12:00 p.m. I often go to lunch by myself, at Dockers Waterside [in East Quogue]. I have cold seafood salad over greens, and two glasses of rosé. They have Wi-Fi there, so I can work. Lunch is about two hours.

2:30 p.m. We’re opening a new office in Sag Harbor this fall. It’s very rustic, so we’re renovating it. It will have two agents, who we are training now. Training can be a two-year process for us, sort of like dating. We like to see how they act, how they look, and we do not like drama. We’re also opening a new office this summer in Setauket. My nephew, Joel Posner Morabito, will be one of the two agents there. We’re going to focus on waterfront homes.

4:30 p.m. It’s cocktail hour. I like to buy the team a glass of wine, and we’ll go to Starr Boggs in Westhampton Beach, which has a great Monday-night lobster bake.

7:00 p.m. Cathy and I have dinner at home with Alessandro, our 14-year-old son. I used to cook, but now Cathy mostly does. She makes penne alla vodka or meatballs. She makes really good, healthy food.

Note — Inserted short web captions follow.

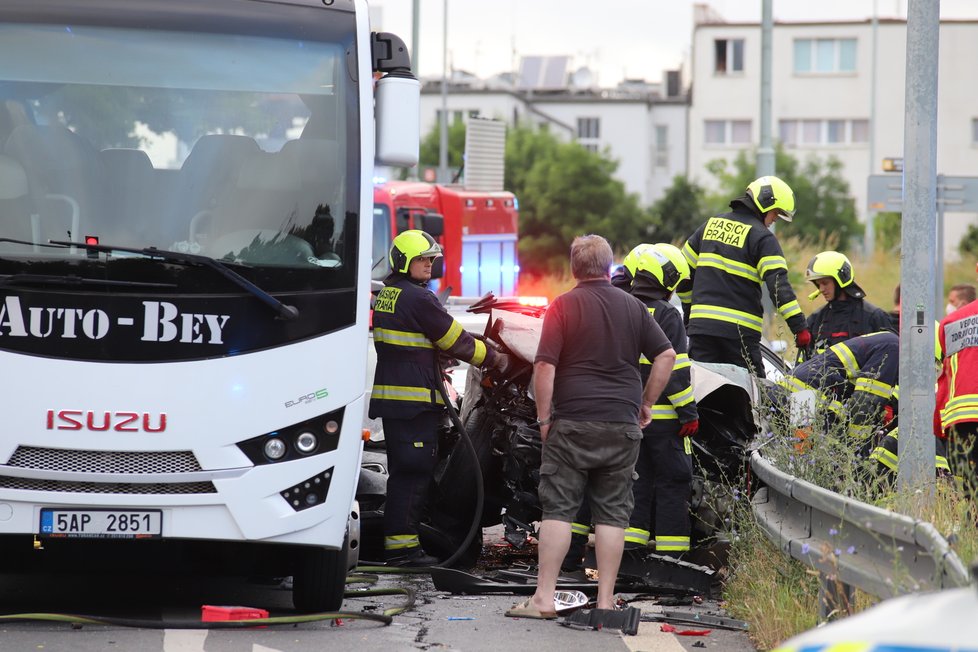 K vážné dopravní nehodě došlo ve Vyskočilově ulici v pražské Michli. (22. června 2021)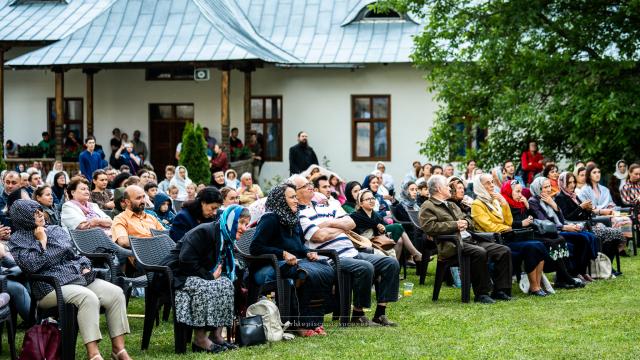 Premiera filmului „Sfântul Ioan cel Nou de la Suceava” la Mănăstirea care îi adăpostește sfintele moaște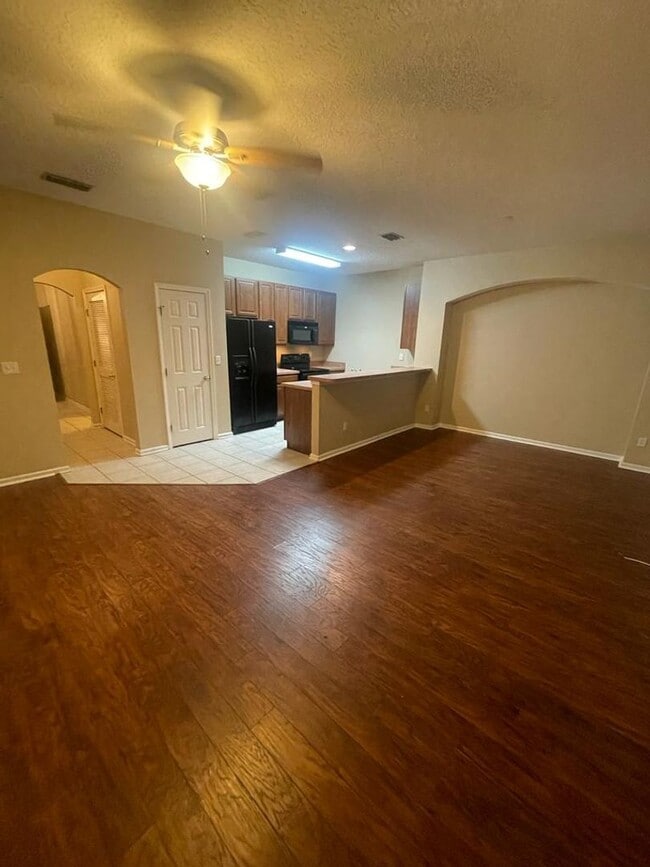 Building Photo - MOVE IN SPECIAL!!!   2 BEDROOM 2 BATHS JAC...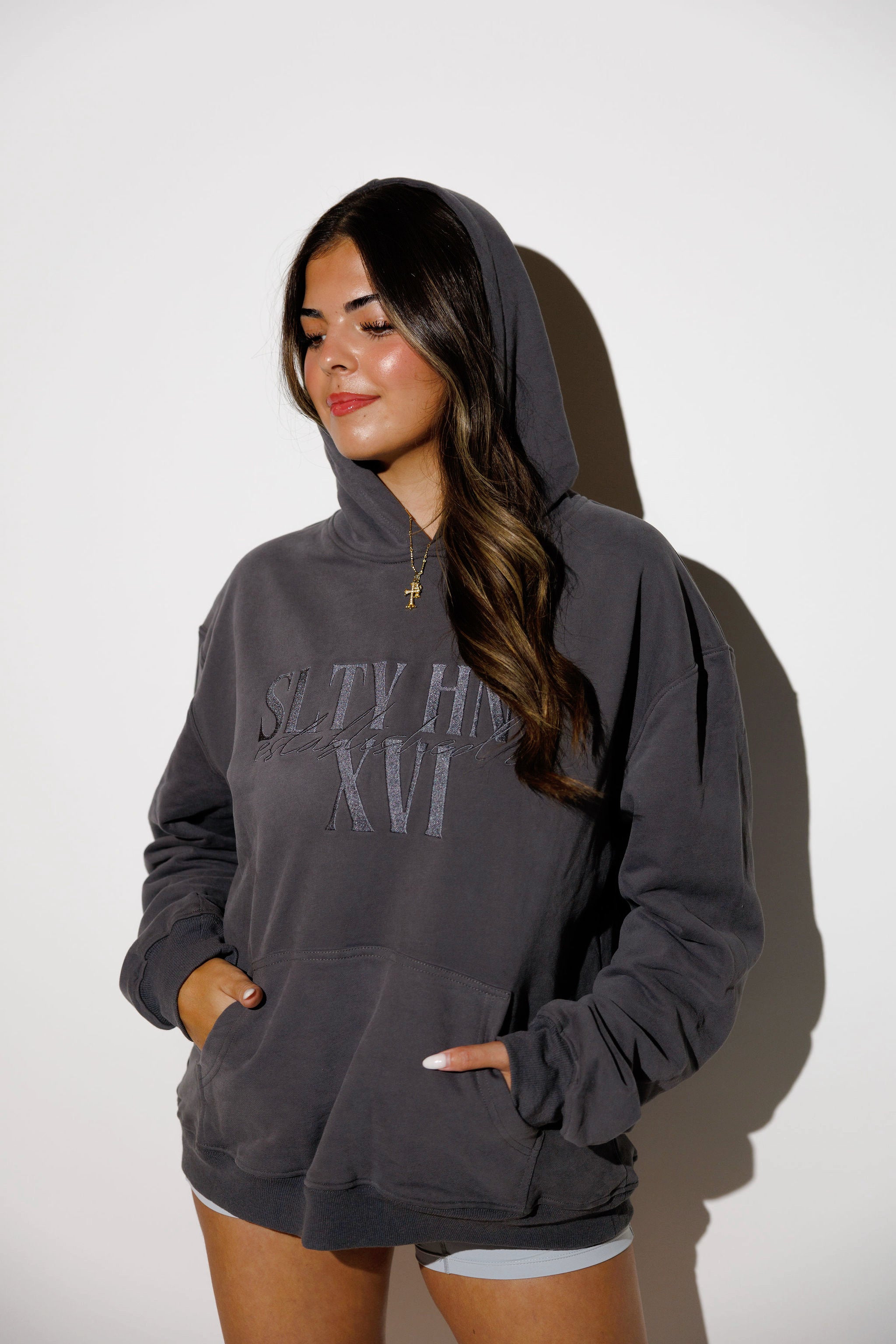 UNWIND BOYFRIEND HOODIE in XVI DEPTH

9:00 p.m. After dinner, the three of us split. I like to watch nature shows and comedies, like Monty Python. I’m friends with Terence Stamp, the British actor, who used to live in the Hamptons. I watch all his movies. I also like “Jurassic Park” and its sequels. I built a home theater out of a bedroom in our house, but Alessandro took it over, so I’m back to the den.

10:00 p.m. I’m really into audiobooks. I listen to two a week in bed. I have these Bose earbuds that are so comfortable — I usually fall asleep with them in. I just listened to Garth Stein’s “Racing in the Rain: My Life as a Dog,” about a yellow Lab named Enzo. Maybe I was a dog in my former life.